C. H. SPURGEON: Consider, again, the incarnation of Christ, and you will rightly say, that His name deserveth to be called “Wonderful.” Oh! what is that I see? Oh! world of wonders, what is that I see? The Eternal of ages, whose hair is white like wool, as white as snow, becomes an infant. Can it be? Ye angels, are ye not astonished? He becomes an infant, hangs at a virgin’s breast, draws his nourishment from the breast of woman. Oh wonder of wonders!
AUGUSTINE (354-430): Man’s maker was made man, that He, Ruler of the stars, might nurse at His mother’s breast.

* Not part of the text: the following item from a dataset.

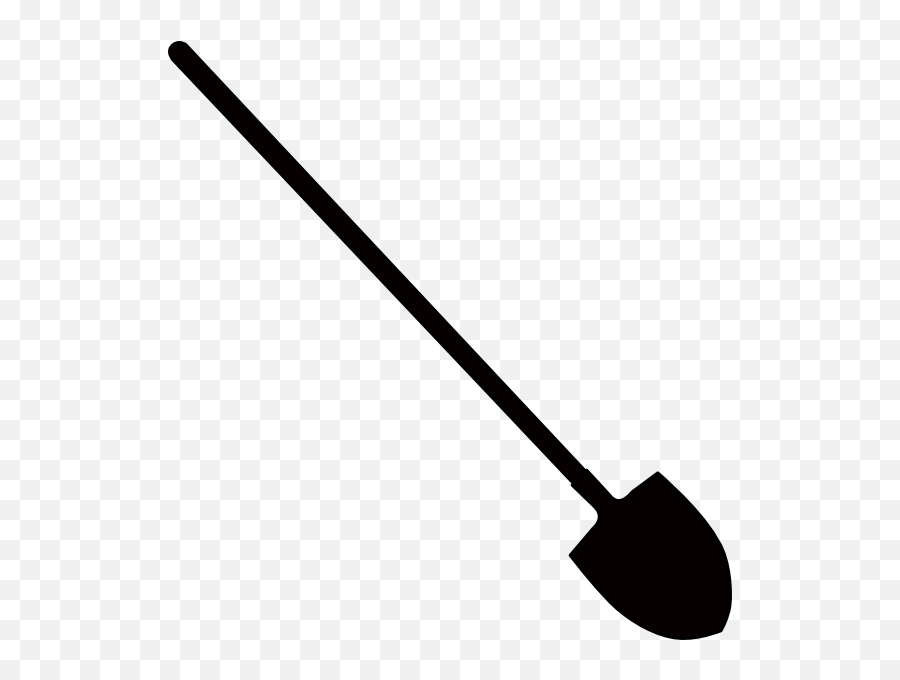 Shovel Clip Art At Vector Clip Art 3 - Black Shovel Clipart Emoji,Shovel Emoji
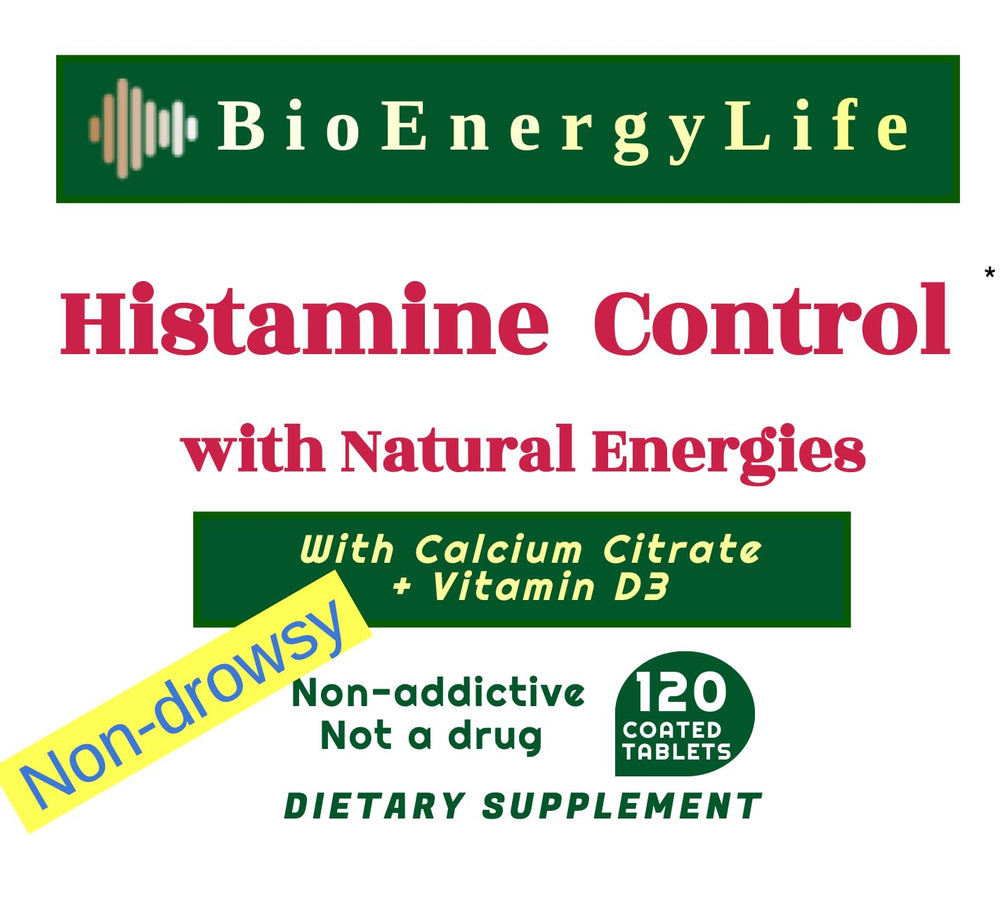 Shelf-ready packaging of BioEnergyLife Histamine Control on store display.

THOMAS WATSON (1620-1686): Behold here a sacred riddle or paradox—“God manifest in the flesh.” That man should be made in God’s image was a wonder, but that God should be made in man’s image is a greater wonder. That the Ancient of Days should be born, that He who thunders in the heavens should cry in the cradle; that He who rules the stars should suck the breast; that a virgin should conceive; that Christ should be made of a woman, and of that woman which He Himself made; that the branch should bear the vine; that the mother should be younger than the child she bare, and the child in the womb bigger than the mother; that the human nature should not be God, yet one with God—Christ taking flesh is a mystery we shall never fully understand till we come to heaven.
C. H. SPURGEON: It must ever remain to us the mystery of mysteries that God Himself was manifest in the flesh. God the invisible was manifest; God the spiritual dwelt in mortal flesh; God the infinite, uncontained, boundless, was manifest in the flesh—if we desire to see God, we must see Him in Christ Jesus.
AUGUSTINE: The only Son of God became the Son of man, that He might make us sons of God.
THOMAS WATSON: He was born of a virgin that we might be born of God. He took our flesh, that He might give us His Spirit. He lay in the manger, that we may lie in paradise. He came down from heaven, that He might bring us to heaven.
C. H. SPURGEON: Man may go up to God, now that God has come down to man.
MARTYN LLOYD-JONES (1899-1981): This is the meaning of Christmas. Oh, the glory and the wonder of it all!